→ What this task involves: A word-for-word repetition of the records beneath this task is the expected answer.

***** Study material

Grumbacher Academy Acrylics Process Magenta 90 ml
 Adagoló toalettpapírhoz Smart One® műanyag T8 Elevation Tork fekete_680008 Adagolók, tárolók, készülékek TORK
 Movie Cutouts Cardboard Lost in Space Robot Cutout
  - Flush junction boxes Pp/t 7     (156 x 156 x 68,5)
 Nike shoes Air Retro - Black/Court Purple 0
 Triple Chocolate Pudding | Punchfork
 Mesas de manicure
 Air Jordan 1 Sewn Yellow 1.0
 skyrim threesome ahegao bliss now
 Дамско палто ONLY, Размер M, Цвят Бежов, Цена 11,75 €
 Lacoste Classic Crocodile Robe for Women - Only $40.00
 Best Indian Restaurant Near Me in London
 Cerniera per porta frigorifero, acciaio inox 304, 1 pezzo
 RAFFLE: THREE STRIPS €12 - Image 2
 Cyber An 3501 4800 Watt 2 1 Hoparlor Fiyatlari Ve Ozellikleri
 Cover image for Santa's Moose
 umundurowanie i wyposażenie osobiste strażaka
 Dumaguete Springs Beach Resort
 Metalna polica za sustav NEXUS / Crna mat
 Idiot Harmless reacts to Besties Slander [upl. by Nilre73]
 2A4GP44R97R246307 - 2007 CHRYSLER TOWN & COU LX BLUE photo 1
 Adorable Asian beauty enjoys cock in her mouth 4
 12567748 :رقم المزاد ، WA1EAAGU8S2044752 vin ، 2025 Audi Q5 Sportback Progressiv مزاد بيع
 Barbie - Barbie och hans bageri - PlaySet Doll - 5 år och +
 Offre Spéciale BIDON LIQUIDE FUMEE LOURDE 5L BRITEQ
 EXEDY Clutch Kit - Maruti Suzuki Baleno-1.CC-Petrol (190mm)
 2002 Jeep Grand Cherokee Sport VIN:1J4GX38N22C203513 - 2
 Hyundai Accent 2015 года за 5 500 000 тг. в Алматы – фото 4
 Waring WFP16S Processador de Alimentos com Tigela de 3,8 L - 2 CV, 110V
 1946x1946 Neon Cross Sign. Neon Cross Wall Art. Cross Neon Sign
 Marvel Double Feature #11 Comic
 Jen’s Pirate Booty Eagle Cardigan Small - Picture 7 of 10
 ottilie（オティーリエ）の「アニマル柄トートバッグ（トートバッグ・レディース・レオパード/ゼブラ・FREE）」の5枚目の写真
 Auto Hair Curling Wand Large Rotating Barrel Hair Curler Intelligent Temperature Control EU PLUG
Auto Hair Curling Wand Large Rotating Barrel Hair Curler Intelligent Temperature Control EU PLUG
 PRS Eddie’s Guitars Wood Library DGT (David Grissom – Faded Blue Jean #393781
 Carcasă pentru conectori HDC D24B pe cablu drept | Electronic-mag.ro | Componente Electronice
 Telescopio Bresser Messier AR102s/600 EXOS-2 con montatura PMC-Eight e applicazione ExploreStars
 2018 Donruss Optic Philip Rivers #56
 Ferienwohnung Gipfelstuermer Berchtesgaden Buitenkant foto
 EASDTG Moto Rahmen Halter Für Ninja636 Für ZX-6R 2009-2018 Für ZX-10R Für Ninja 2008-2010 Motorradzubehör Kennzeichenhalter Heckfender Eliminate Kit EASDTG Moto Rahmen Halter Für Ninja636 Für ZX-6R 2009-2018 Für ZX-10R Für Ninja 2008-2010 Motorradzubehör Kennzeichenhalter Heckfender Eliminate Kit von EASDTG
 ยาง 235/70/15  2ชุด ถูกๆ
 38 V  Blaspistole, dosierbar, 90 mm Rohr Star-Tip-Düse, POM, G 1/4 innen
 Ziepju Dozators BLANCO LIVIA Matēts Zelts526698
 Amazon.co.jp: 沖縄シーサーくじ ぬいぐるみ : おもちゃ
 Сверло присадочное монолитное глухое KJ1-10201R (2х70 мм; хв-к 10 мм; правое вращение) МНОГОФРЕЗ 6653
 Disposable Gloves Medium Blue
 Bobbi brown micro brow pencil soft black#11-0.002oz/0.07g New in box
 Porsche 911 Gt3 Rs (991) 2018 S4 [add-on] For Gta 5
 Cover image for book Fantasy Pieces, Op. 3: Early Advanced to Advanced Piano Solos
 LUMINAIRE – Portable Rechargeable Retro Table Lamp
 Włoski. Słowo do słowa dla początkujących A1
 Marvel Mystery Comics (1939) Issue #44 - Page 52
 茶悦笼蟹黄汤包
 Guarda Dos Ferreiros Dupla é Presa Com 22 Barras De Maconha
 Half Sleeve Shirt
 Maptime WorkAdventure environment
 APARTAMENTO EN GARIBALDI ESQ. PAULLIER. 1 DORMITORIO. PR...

**********

→ Final answer:
Grumbacher Academy Acrylics Process Magenta 90 ml
 Adagoló toalettpapírhoz Smart One® műanyag T8 Elevation Tork fekete_680008 Adagolók, tárolók, készülékek TORK
 Movie Cutouts Cardboard Lost in Space Robot Cutout
  - Flush junction boxes Pp/t 7     (156 x 156 x 68,5)
 Nike shoes Air Retro - Black/Court Purple 0
 Triple Chocolate Pudding | Punchfork
 Mesas de manicure
 Air Jordan 1 Sewn Yellow 1.0
 skyrim threesome ahegao bliss now
 Дамско палто ONLY, Размер M, Цвят Бежов, Цена 11,75 €
 Lacoste Classic Crocodile Robe for Women - Only $40.00
 Best Indian Restaurant Near Me in London
 Cerniera per porta frigorifero, acciaio inox 304, 1 pezzo
 RAFFLE: THREE STRIPS €12 - Image 2
 Cyber An 3501 4800 Watt 2 1 Hoparlor Fiyatlari Ve Ozellikleri
 Cover image for Santa's Moose
 umundurowanie i wyposażenie osobiste strażaka
 Dumaguete Springs Beach Resort
 Metalna polica za sustav NEXUS / Crna mat
 Idiot Harmless reacts to Besties Slander [upl. by Nilre73]
 2A4GP44R97R246307 - 2007 CHRYSLER TOWN & COU LX BLUE photo 1
 Adorable Asian beauty enjoys cock in her mouth 4
 12567748 :رقم المزاد ، WA1EAAGU8S2044752 vin ، 2025 Audi Q5 Sportback Progressiv مزاد بيع
 Barbie - Barbie och hans bageri - PlaySet Doll - 5 år och +
 Offre Spéciale BIDON LIQUIDE FUMEE LOURDE 5L BRITEQ
 EXEDY Clutch Kit - Maruti Suzuki Baleno-1.CC-Petrol (190mm)
 2002 Jeep Grand Cherokee Sport VIN:1J4GX38N22C203513 - 2
 Hyundai Accent 2015 года за 5 500 000 тг. в Алматы – фото 4
 Waring WFP16S Processador de Alimentos com Tigela de 3,8 L - 2 CV, 110V
 1946x1946 Neon Cross Sign. Neon Cross Wall Art. Cross Neon Sign
 Marvel Double Feature #11 Comic
 Jen’s Pirate Booty Eagle Cardigan Small - Picture 7 of 10
 ottilie（オティーリエ）の「アニマル柄トートバッグ（トートバッグ・レディース・レオパード/ゼブラ・FREE）」の5枚目の写真
 Auto Hair Curling Wand Large Rotating Barrel Hair Curler Intelligent Temperature Control EU PLUG
Auto Hair Curling Wand Large Rotating Barrel Hair Curler Intelligent Temperature Control EU PLUG
 PRS Eddie’s Guitars Wood Library DGT (David Grissom – Faded Blue Jean #393781
 Carcasă pentru conectori HDC D24B pe cablu drept | Electronic-mag.ro | Componente Electronice
 Telescopio Bresser Messier AR102s/600 EXOS-2 con montatura PMC-Eight e applicazione ExploreStars
 2018 Donruss Optic Philip Rivers #56
 Ferienwohnung Gipfelstuermer Berchtesgaden Buitenkant foto
 EASDTG Moto Rahmen Halter Für Ninja636 Für ZX-6R 2009-2018 Für ZX-10R Für Ninja 2008-2010 Motorradzubehör Kennzeichenhalter Heckfender Eliminate Kit EASDTG Moto Rahmen Halter Für Ninja636 Für ZX-6R 2009-2018 Für ZX-10R Für Ninja 2008-2010 Motorradzubehör Kennzeichenhalter Heckfender Eliminate Kit von EASDTG
 ยาง 235/70/15  2ชุด ถูกๆ
 38 V  Blaspistole, dosierbar, 90 mm Rohr Star-Tip-Düse, POM, G 1/4 innen
 Ziepju Dozators BLANCO LIVIA Matēts Zelts526698
 Amazon.co.jp: 沖縄シーサーくじ ぬいぐるみ : おもちゃ
 Сверло присадочное монолитное глухое KJ1-10201R (2х70 мм; хв-к 10 мм; правое вращение) МНОГОФРЕЗ 6653
 Disposable Gloves Medium Blue
 Bobbi brown micro brow pencil soft black#11-0.002oz/0.07g New in box
 Porsche 911 Gt3 Rs (991) 2018 S4 [add-on] For Gta 5
 Cover image for book Fantasy Pieces, Op. 3: Early Advanced to Advanced Piano Solos
 LUMINAIRE – Portable Rechargeable Retro Table Lamp
 Włoski. Słowo do słowa dla początkujących A1
 Marvel Mystery Comics (1939) Issue #44 - Page 52
 茶悦笼蟹黄汤包
 Guarda Dos Ferreiros Dupla é Presa Com 22 Barras De Maconha
 Half Sleeve Shirt
 Maptime WorkAdventure environment
 APARTAMENTO EN GARIBALDI ESQ. PAULLIER. 1 DORMITORIO. PR...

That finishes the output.